From the line containing "On this episode" to the final line of the entries, copy each line exactly. Pictures stay out.

(Stored data)
+++

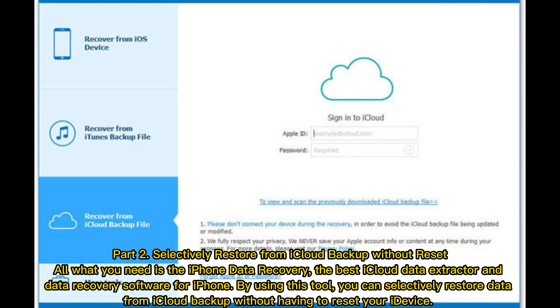Part 2: Selectively restore from iCloud backup without reset. All you need is the iPhone Data Recovery, the best iCloud data extractor and data recovery software for iPhone. By using this tool, you can selectively restore data from iCloud backup without having to reset your device.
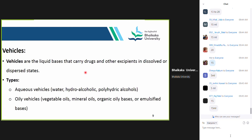Vehicles are the liquid bases that carry drugs and other excipients in dissolved or dispersed states. The types of vehicles are aqueous or oily vehicles. Aqueous vehicles include water, hydroalcoholic, or polyhydric alcohols. Oily vehicles include vegetable oils, mineral oils, organic oily bases, or emulsified bases. In any such vehicle, the active ingredient is dissolved or dispersed and the drug is formed.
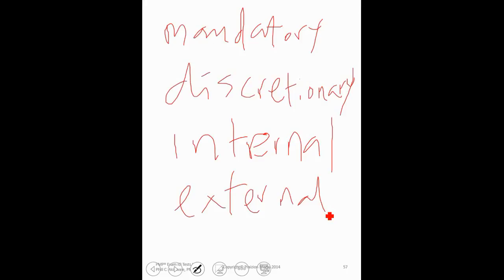Also preferential logic, soft logic, preferred logic, all that stuff. Know those definitions and what exactly they mean. That will definitely help you out on the exam.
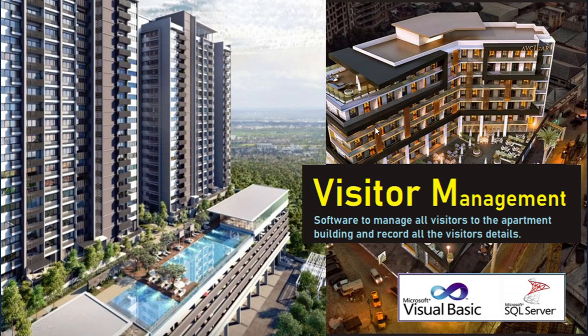Welcome to this video tutorial. In this video, let us understand how to make visitor management software to manage all visitors to an apartment building and record all the visitor details. There is a huge apartment, so a lot of people will come in every day, so each time you need to know what is this visitor, whom they want to visit, what time they come in, what time they go out.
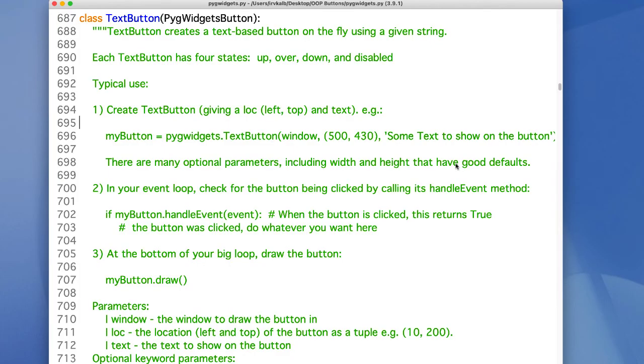I won't go through the full code here, but it is available on my GitHub repository. In case you're interested, the text button and custom button code use inheritance.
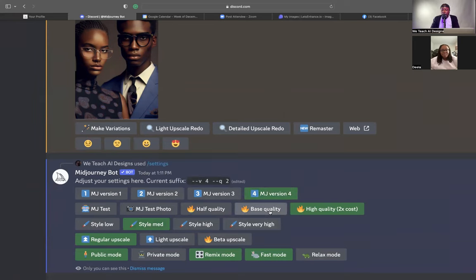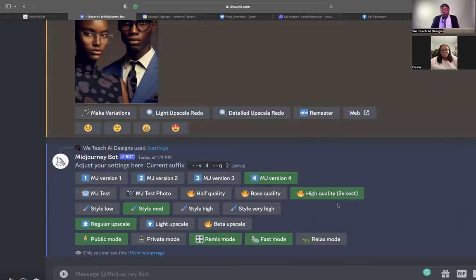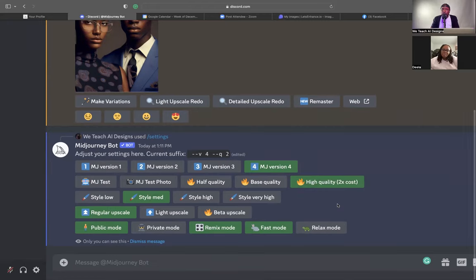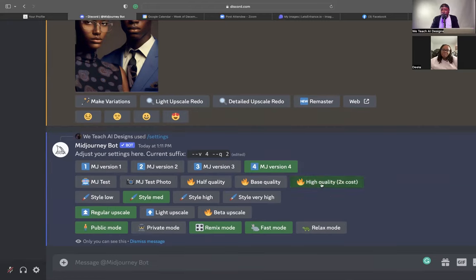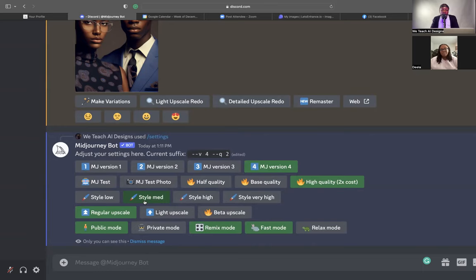If you have the $10 a month version or the free version, I would click base quality, because the high quality — two times the cost — is just going to make you use your credits that much faster. The $10 plan is actually 250 images a month, so if you did high quality, every image would cost twice as much versus the $30 unlimited plan. The style medium setting — when you put certain commands in, it could look really like a painting. It's like slapping extra filters on something versus it being a slight filter and looking more natural, so we want to have it right on medium.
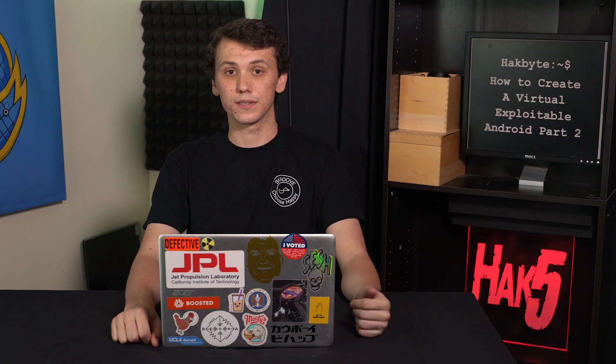On this episode of Hack Byte, we're going to learn how to reverse engineer an Android app to discover potential exploits.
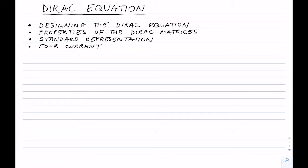G'day everyone. Today we're going to talk about the Dirac equation. In this lecture we will discuss how the Dirac equation was designed, what the properties of the Dirac matrices are, what the standard representation of the Dirac matrices is, and we will see how the four-current leads to a positive definite density, which was a huge advantage of the Dirac equation at the time. So let's get started.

+++

### Reply
On this episode of Hack Byte, we're going to learn how to reverse engineer an Android app to discover potential exploits.
G'day everyone. Today we're going to talk about the Dirac equation. In this lecture we will discuss how the Dirac equation was designed, what the properties of the Dirac matrices are, what the standard representation of the Dirac matrices is, and we will see how the four-current leads to a positive definite density, which was a huge advantage of the Dirac equation at the time. So let's get started.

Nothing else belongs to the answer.